Excellent post, SteveD! 

I had one Client gain ownership of an easement, but it was gained by a dissolution of the Easement by the Owner of it (the City). This allowed that Client to split her property into two building lots and I sold them for her. Nope, no such thing as Adverse Possession to gain Ownership of an Easement (a Right of Use). It isn't uncommon for property owners to plant trees on Rd Easements, then sadly witness them all cut down to widen the roads...


----------



## ozarkchaz (Feb 4, 2005)

> How in the world would a fee owner be in "adverse possession" of a property they already own?


This is the whole point of the discussion. The Easement is owned by others, and the buyer would like clear title to it. 

If there is only one fee owner of the entire property, obviously they have paid taxes on the Easement as part of that property, have maintained it, and been in "possession" for most likely many years. It is correct that Easements and ROW's traditionally "run with the land" and are deeded forever. But this may be a unique situation.

A court of law may look favorably toward a legal reconveyance or judgement, if the Easement portion of the property is proven to be abandoned, and no owner of record can be found.


----------



## Gray Wolf (Jan 25, 2013)

No idea what the laws are there, but in WA the seller has to fill out and sign a disclosure form stating the condition of the property to the best of their knowledge, and it has to be given to the buyer.

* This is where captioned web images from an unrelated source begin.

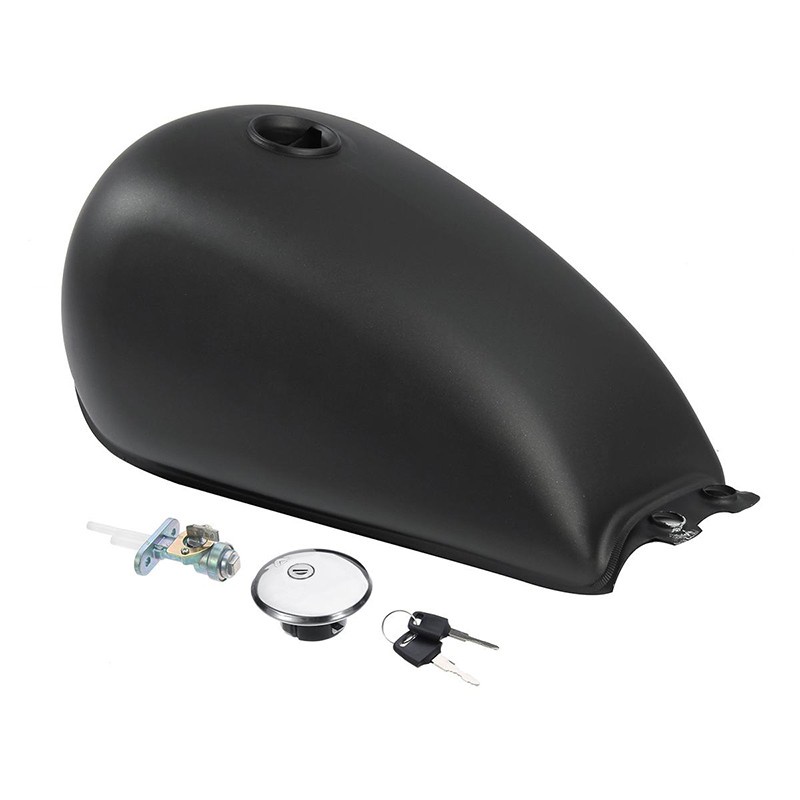 thumbnail image 2 of Universal Motorcycle Fuel Tank - Bright Black Retro 9L Gas Tank With Cap & Switch For CG125 2 of 14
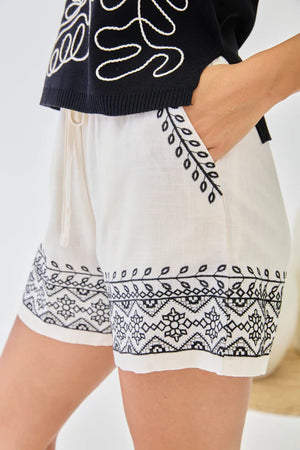 Ivory Embroidered Borders Shorts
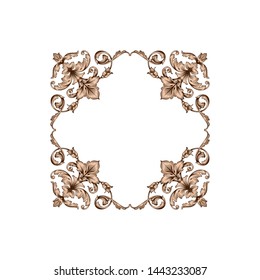 Baroque ornament with filigree in vector format for design frame, pattern. Vintage hand drawn victorian or damask floral element. Black and white engraved ink art.  Template for foil quill.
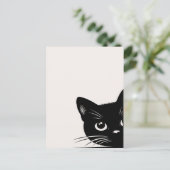 Cute Peking Black Cat Briefkaart (Staand voorkant)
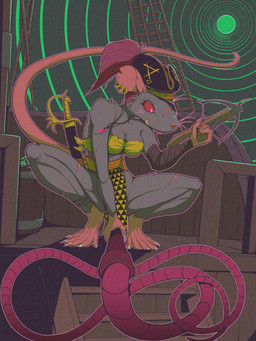 anthro bottomwear bra breasts buckteeth clothed clothing crossbow crouching ear_piercing ear_ring eye_patch eyewear facial_scar female front_view fur grey_body grey_fur grin hairless_tail holding_object holding_whip loincloth melee_weapon notched_ear piercing pirate pirate_hat ranged_weapon red_eyes ring_piercing scar scimitar sheathed_weapon ship skimpy smile solo sword teeth underwear vehicle watercraft weapon whip whiskers gompami warhammer_(franchise) mammal murid murine rat rodent skaven absurd_res hi_res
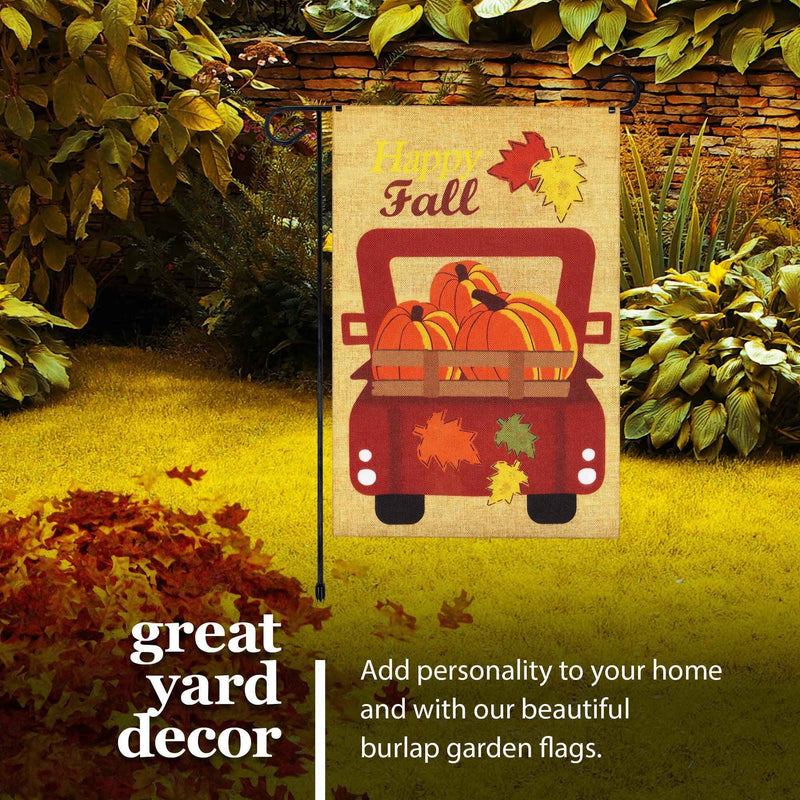 G128 Combo Pack: Garden Flag Stand Black 36 in x 16 in & Garden Flag Fall Decoration Pumpkins in Truck Bed 12"x18" Double-Sided Burlap Fabric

Lead paint, asbestos, burried fuel tanks, nuclear waste dump etc. etc. And easements. A knowledgeable misstatement / lie should get at least your earnest money back and maybe more.


----------



## ChristieAcres (Apr 11, 2009)

Gray Wolf said:


> No idea what the laws are there, but in WA the seller has to fill out and sign a disclosure form stating the condition of the property to the best of their knowledge, and it has to be given to the buyer. Lead paint, asbestos, burried fuel tanks, nuclear waste dump etc. etc. And easements. A knowledgeable misstatement / lie should get at least your earnest money back and maybe more.


You are correct. This is a Form17 Seller Disclosure.

If they don't want to disclose, they can check the box marked, "I don't know." That excludes them from liability as it sometimes is difficult to prove they knew. I inform every single Client to read their Title Report, page by page! That is another "out" for Earnest Money, should there be undisclosed Easements (there is a Contingency Period for reviewing Title Reports). Many folks don't know much about Bundle of Rights and many buy properties not knowing which ones they lack. I read through every Clients Title Report, so I can be another set of eyes for them. The Escrow Officer I use, does the same thing. I try to insure my Clients don't miss something.


----------



## SteveD(TX) (May 14, 2002)

lorichristie said:


> Excellent post, SteveD!
> 
> I had one Client gain ownership of an easement, but it was gained by a dissolution of the Easement by the Owner of it (the City). This allowed that Client to split her property into two building lots and I sold them for her. Nope, no such thing as Adverse Possession to gain Ownership of an Easement (a Right of Use). It isn't uncommon for property owners to plant trees on Rd Easements, then sadly witness them all cut down to widen the roads...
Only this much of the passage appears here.